== INFORMATION SHOWN

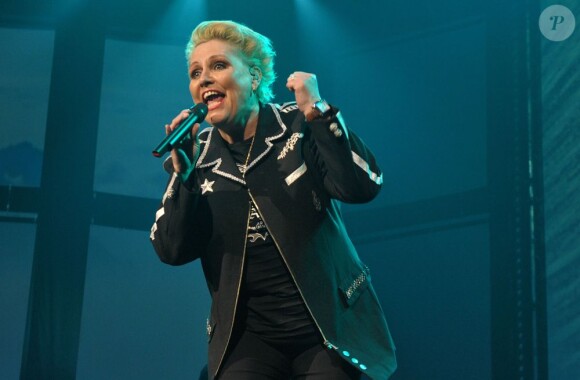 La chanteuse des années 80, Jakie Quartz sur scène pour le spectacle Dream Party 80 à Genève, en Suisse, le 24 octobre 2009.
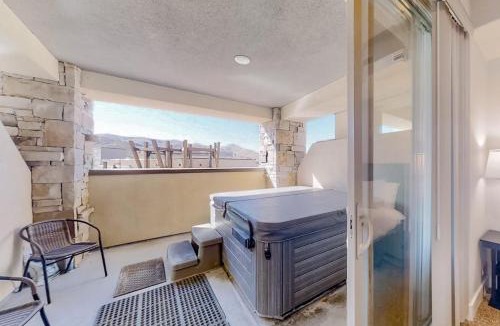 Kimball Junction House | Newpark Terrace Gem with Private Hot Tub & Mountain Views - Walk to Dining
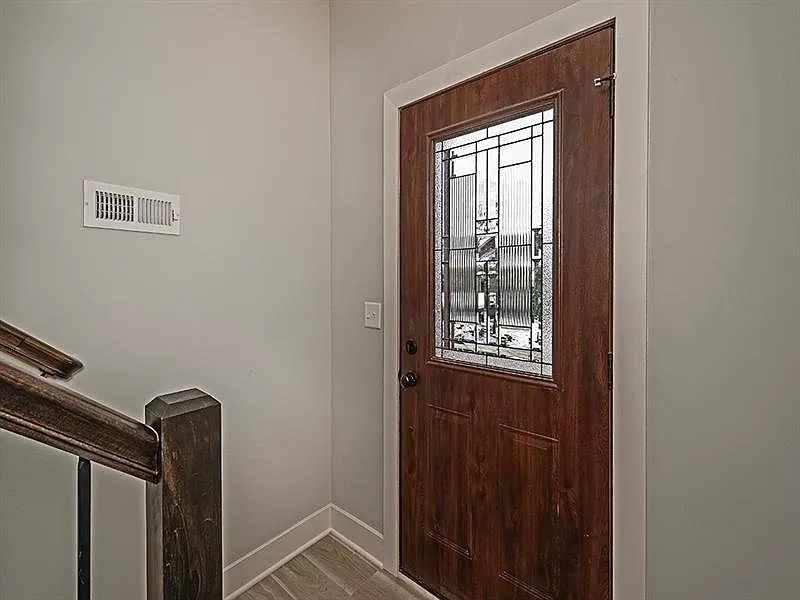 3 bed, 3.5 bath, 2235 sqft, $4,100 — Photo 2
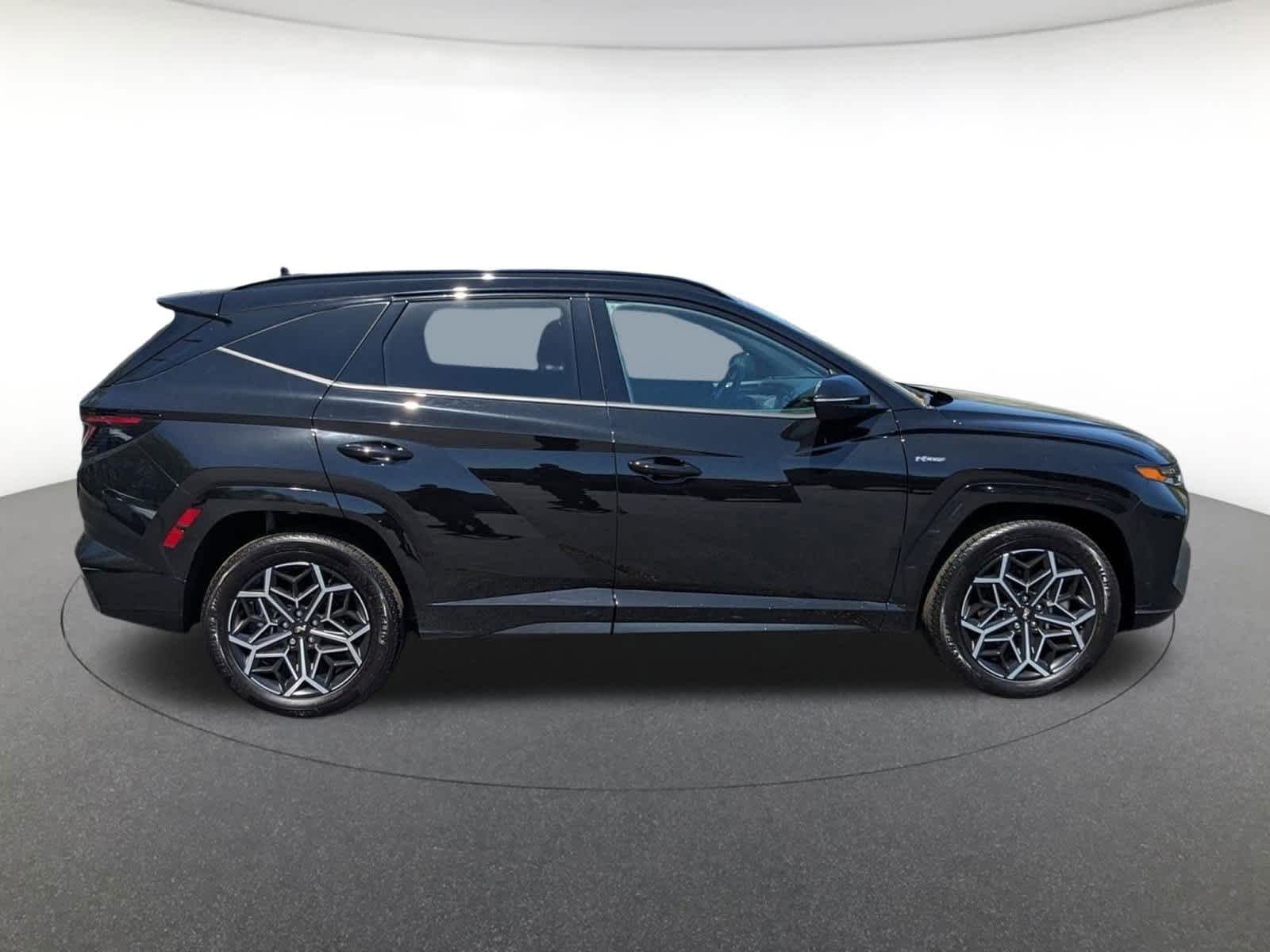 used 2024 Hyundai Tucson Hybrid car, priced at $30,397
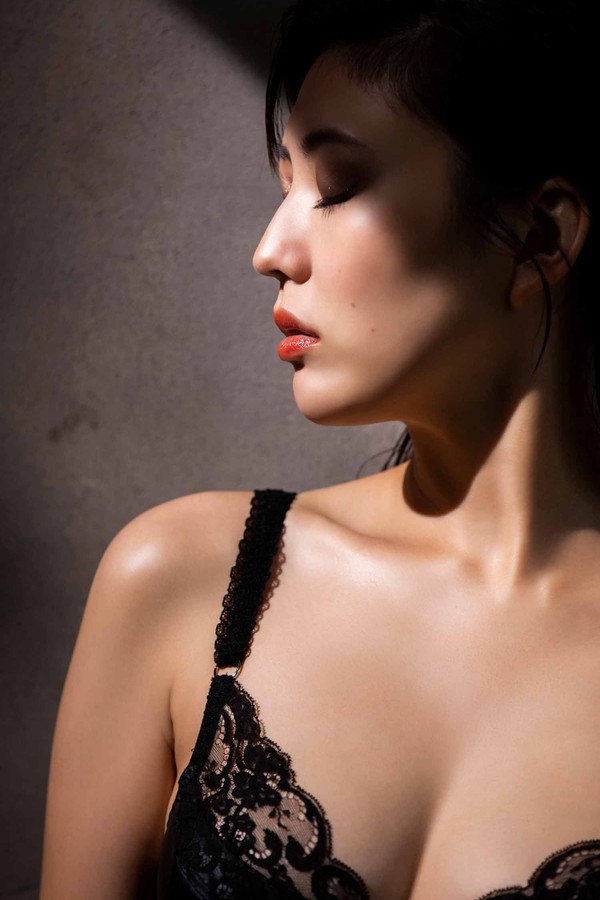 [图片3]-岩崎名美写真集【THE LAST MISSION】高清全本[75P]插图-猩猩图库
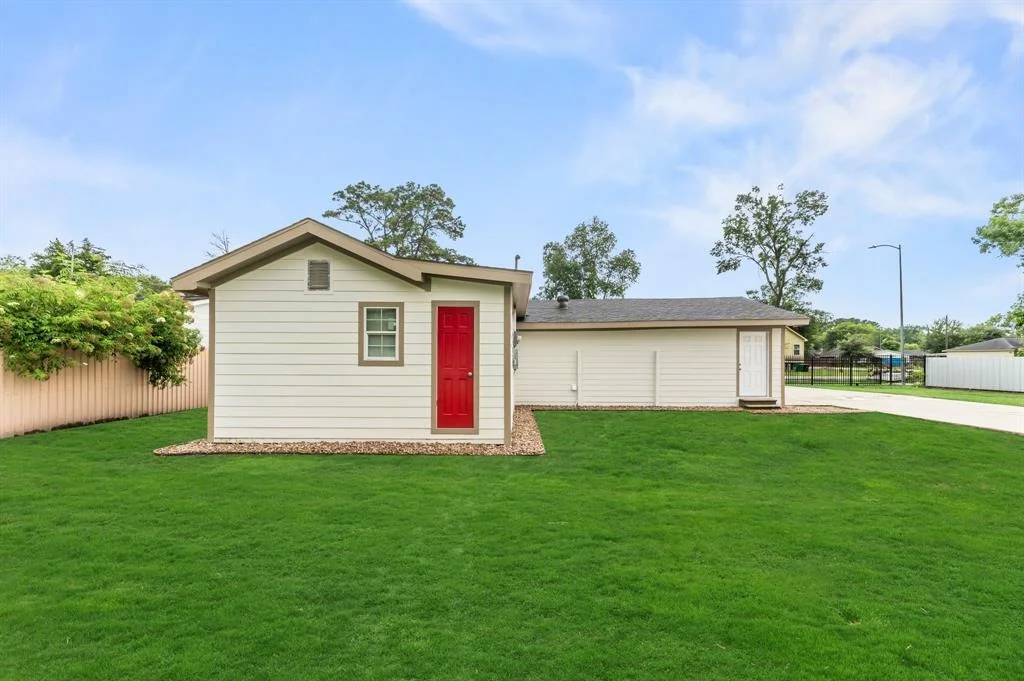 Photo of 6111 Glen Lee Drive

====

GOAL OF THE EXERCISE: Nothing but the lines from the line holding "3 bed, 3.5 bath, 2235 sqft, $4,100 — Photo 2" through the last line of the entries above is to be reproduced, exactly and without pictures.

ANSWER BOX:
 3 bed, 3.5 bath, 2235 sqft, $4,100 — Photo 2
 used 2024 Hyundai Tucson Hybrid car, priced at $30,397
 [图片3]-岩崎名美写真集【THE LAST MISSION】高清全本[75P]插图-猩猩图库
 Photo of 6111 Glen Lee Drive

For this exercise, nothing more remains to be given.